STORED DATA below:
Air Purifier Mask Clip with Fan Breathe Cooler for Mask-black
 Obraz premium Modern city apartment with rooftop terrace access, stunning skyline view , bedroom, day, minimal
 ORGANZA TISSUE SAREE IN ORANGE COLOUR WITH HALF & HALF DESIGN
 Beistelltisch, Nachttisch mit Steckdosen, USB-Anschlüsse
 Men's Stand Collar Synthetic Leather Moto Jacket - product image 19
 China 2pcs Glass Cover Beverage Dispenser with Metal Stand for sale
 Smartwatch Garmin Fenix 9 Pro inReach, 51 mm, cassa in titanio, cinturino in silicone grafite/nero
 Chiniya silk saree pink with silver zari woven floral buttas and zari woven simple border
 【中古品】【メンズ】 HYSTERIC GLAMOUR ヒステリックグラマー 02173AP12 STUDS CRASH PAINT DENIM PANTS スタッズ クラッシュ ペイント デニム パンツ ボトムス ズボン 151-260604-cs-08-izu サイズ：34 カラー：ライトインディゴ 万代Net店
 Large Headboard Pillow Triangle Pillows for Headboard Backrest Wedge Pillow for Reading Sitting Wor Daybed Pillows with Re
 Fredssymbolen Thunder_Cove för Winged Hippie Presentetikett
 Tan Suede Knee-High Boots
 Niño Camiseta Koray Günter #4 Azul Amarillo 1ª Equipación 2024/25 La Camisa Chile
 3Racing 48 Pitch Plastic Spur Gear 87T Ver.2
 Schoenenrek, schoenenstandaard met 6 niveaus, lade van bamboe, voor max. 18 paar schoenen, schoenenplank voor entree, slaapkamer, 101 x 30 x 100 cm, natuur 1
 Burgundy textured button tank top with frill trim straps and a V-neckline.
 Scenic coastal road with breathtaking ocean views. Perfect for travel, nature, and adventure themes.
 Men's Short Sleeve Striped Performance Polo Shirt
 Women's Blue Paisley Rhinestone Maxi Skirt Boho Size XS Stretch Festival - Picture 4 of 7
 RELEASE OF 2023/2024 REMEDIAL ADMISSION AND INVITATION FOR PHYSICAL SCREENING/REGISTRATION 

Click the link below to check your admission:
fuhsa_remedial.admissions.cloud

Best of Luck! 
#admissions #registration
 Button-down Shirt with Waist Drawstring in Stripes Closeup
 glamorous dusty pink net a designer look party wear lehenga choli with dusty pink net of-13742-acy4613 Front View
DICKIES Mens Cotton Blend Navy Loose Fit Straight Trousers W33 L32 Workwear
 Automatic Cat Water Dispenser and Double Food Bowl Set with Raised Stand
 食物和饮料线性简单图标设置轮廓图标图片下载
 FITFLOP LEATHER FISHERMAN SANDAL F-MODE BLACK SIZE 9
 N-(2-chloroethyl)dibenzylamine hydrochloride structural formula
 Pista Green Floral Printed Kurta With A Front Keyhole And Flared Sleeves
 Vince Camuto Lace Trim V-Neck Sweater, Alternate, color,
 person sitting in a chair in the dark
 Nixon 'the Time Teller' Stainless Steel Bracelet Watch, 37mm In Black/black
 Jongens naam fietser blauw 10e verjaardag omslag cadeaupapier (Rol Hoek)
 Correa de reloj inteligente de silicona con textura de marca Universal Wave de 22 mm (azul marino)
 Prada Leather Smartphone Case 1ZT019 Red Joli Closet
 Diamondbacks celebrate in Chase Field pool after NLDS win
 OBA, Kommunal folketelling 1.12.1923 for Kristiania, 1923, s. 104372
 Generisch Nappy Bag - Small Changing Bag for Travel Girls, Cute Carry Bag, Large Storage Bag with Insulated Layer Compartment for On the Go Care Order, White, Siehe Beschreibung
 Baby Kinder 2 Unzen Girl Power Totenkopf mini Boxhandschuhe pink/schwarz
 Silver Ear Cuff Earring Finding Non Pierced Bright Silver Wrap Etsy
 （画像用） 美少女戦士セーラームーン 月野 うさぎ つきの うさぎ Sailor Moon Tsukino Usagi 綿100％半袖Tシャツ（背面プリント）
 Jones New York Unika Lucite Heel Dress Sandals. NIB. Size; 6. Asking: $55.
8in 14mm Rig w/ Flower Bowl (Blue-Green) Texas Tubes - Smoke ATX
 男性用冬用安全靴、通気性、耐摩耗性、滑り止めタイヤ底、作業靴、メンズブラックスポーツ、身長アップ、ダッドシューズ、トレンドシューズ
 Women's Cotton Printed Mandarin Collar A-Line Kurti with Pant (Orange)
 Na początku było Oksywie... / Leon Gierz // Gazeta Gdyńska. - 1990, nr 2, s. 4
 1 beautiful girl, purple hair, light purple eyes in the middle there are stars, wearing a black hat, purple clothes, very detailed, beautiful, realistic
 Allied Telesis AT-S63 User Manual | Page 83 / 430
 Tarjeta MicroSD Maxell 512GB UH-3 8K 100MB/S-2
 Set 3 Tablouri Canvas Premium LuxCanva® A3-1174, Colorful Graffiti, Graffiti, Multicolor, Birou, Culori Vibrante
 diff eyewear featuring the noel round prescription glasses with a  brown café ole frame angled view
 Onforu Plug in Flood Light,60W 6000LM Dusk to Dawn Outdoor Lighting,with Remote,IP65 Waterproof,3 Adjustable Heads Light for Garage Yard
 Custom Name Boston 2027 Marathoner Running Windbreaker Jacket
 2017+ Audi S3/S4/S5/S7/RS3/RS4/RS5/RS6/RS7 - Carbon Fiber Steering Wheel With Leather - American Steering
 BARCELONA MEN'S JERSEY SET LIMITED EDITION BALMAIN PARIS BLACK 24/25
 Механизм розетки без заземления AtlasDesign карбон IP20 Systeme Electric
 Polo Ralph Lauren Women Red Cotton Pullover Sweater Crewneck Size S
End of STORED DATA.
:: WORK TO COMPLETE ::
From the records above, quote only the lines running from the line with "Tarjeta MicroSD Maxell" to the line with "diff eyewear featuring", both lines included.

:: FINAL ANSWER ::
 Tarjeta MicroSD Maxell 512GB UH-3 8K 100MB/S-2
 Set 3 Tablouri Canvas Premium LuxCanva® A3-1174, Colorful Graffiti, Graffiti, Multicolor, Birou, Culori Vibrante
 diff eyewear featuring the noel round prescription glasses with a  brown café ole frame angled view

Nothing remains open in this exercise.